Excessos preventivos
As condições do apoio do BNDES aos novos concessionários garantem o interesse de qualquer recalcitrante. Ele poderá financiar 80% do investimento total, sendo 70% ao custo da Taxa de Juros de Longo Prazo (TJLP), de 6% ao ano, e 20% a juros de mercado. O prazo vai a 15 anos para os aeroportos de Guarulhos e de Brasília (cujo período de concessão é de 20 anos), e a 20 para Campinas (com concessão por 30 anos). Em suma: só uma tormenta imprevisível impedirá o leilão.

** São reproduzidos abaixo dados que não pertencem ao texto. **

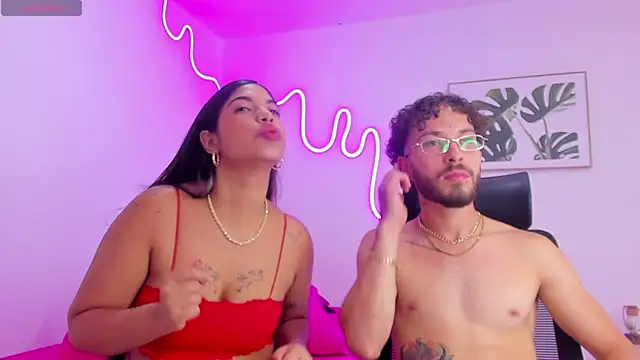 Violet and Paul online show from October 8, 2025, 2:31 am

Melhor pecar pelo excesso que a situação atual, com os aeroportos recorrendo a "puxadinhos" para aguentar a vazão e a Anac obrigando as empresas a compartilhar o check-in — evidências de um cenário de caos já instalado, ameaçador da segurança de um setor tão sensível.
O modelo tripartite
O governo trabalha com a expectativa de que a privatização de uma área até então tida como inexpugnável à tendência mundial de passar à gestão de empresas particulares quebre os eventuais resquícios de desconfiança do capital quanto aos riscos do investimento no país.
Mas sirva também para consolidar esse modelo de parceria público-privada, no qual o governo está muito perto do negócio, como sócio relevante e financiador, embora só interfira por meio da regulação setorial — o papel revisitado de agências tipo Anac. Se funcionar, abrirá uma avenida para viabilizar os muitos projetos, a maioria de infraestrutura, mas não só, estocados à espera de investidores.
A preferência é pelo capital nacional. Em sua falta, será como o desenho das concessões dos aeroportos: tripartite, com estatais ou financiamento público e capital estrangeiro fechando a parceria.